When you use the IRs generated in the notebook - "225-stable-diffusion-text-to-image" with this demo.py you will get errors related to Keyerror. For example - KeyError: 'encoder_hidden_states'. Go to the stable_diffusion_engine.py and see where it is getting called from. Now when you look into unet.xml you will see that 'encoder_hidden_states' has now become 'encoder_hidden_state'. So make the changes for the keys accordingly in the code.
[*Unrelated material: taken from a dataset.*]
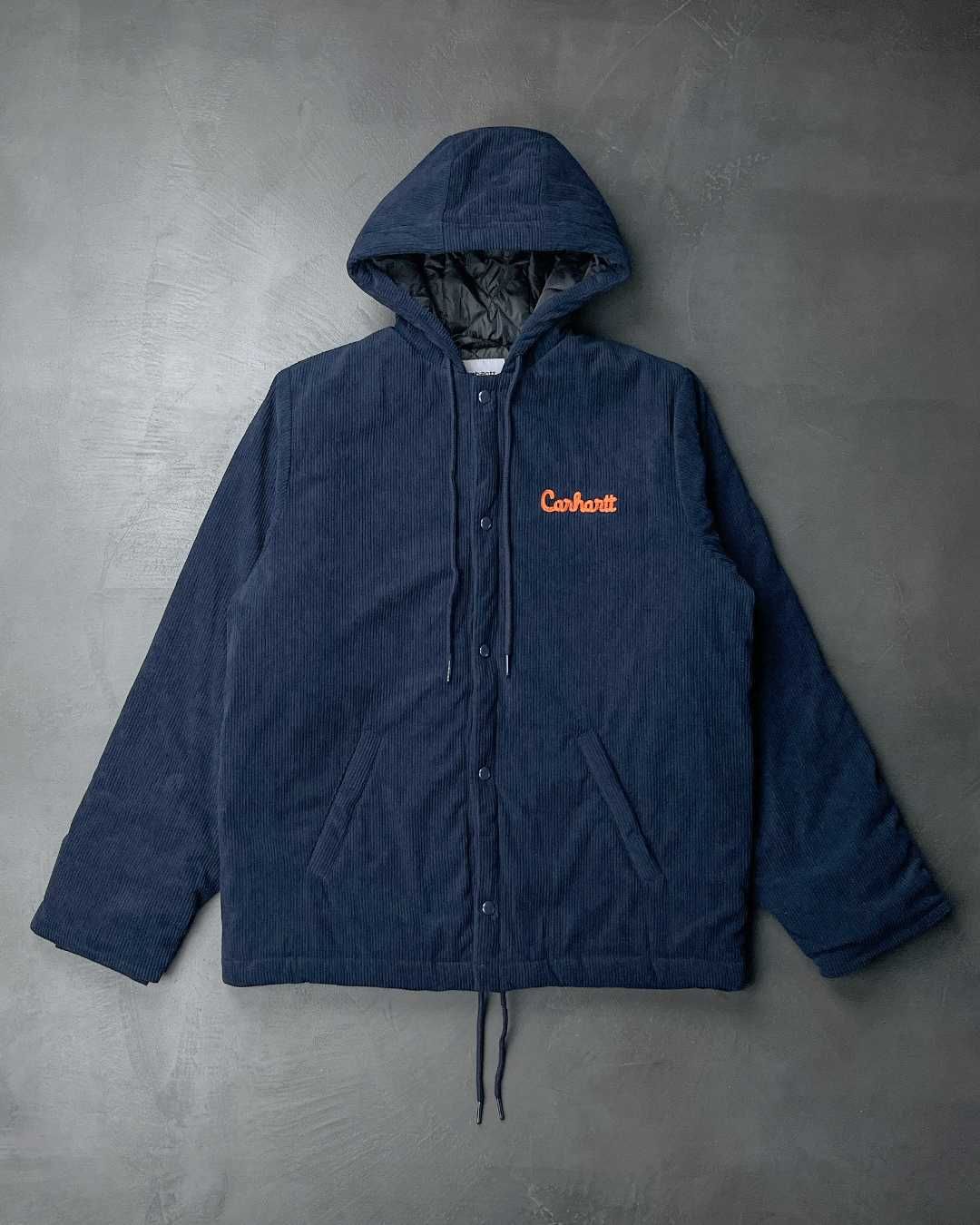 Куртка Carhartt WIP Dennis Jacket Astro & Copperton Dark Blue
Other such key changes are - "latent_model_input" -> "sample" "t" -> "timestep" "token" -> "input_ids"
@RedAndr it will be great if you could share the VAE encoder IR conversion part.
Sure:
@torch.no_grad()
def convert_vae_encoder_onnx(pipe:StableDiffusionPipeline, onnx_path:Path):
"""
Convert VAE model to ONNX, then IR format.
Function accepts pipeline, creates wrapper class for export only necessary for inference part,
prepares example inputs for ONNX conversion via torch.export,
Parameters:
pipe (StableDiffusionPipeline): Stable Diffusion pipeline
onnx_path (Path): File for storing onnx model
Returns:
None
"""
class VAEEncoderWrapper(torch.nn.Module):
def __init__(self, vae):
super().__init__()
self.vae = vae
def forward(self, sample):
latent = self.vae.encode(sample)[0].sample()
return latent
if not onnx_path.exists():
vae_encoder = VAEEncoderWrapper(pipe.vae)
text = 'a photo of an astronaut riding a horse on mars'
text_encoder = pipe.text_encoder
input_ids = pipe.tokenizer(
text,
padding="max_length",
max_length=pipe.tokenizer.model_max_length,
truncation=True,
return_tensors="pt",
).input_ids
with torch.no_grad():
text_encoder_output = text_encoder(input_ids)
image_shape = (1, 3, res_v, res_h)
image = torch.randn(image_shape)
t = torch.from_numpy(np.array(1, dtype=float))
max_length = input_ids.shape[-1]
uncond_input = pipe.tokenizer([""], padding="max_length", max_length=max_length, return_tensors="pt")
uncond_embeddings = pipe.text_encoder(uncond_input.input_ids)[0]
encoder_hidden_state = torch.cat([uncond_embeddings, text_encoder_output[0]])
vae_encoder.eval()
with torch.no_grad():
torch.onnx.export(
vae_encoder, (image,), onnx_path, input_names=['init_image'], output_names=['sample'],
#dynamic_axes={"init_image": {0: "batch", 1: "channels", 2: "height", 3: "width"}},
opset_version = opset # onnx opset version for export
)
print('VAE encoder successfully converted to ONNX')
VAEE_ONNX_PATH = Path('vae_encoder.onnx')
VAEE_OV_PATH = VAEE_ONNX_PATH.with_suffix('.xml')
if not VAEE_OV_PATH.exists():
convert_vae_encoder_onnx(pipe, VAEE_ONNX_PATH)
print(f"mo --input_model {VAEE_ONNX_PATH} --compress_to_fp16")
print('VAE successfully converted to IR')
Uncomment the dynamic_axes line if you need a variable resolution. opset = 16 in my case, res_v and res_h are self-explanatory.
We updated the notebooks and so this demo and the notebooks will work together. i.e., the converted IR will work directly.
I also updated the new FP16 as the default and so the download is smaller and also works much much faster on GPUs. https://huggingface.co/bes-dev/stable-diffusion-v1-4-openvino
Hello, can you please share the steps and command line you used to convert the original model to OpenVINO IRs. Need this to help optimize these models further.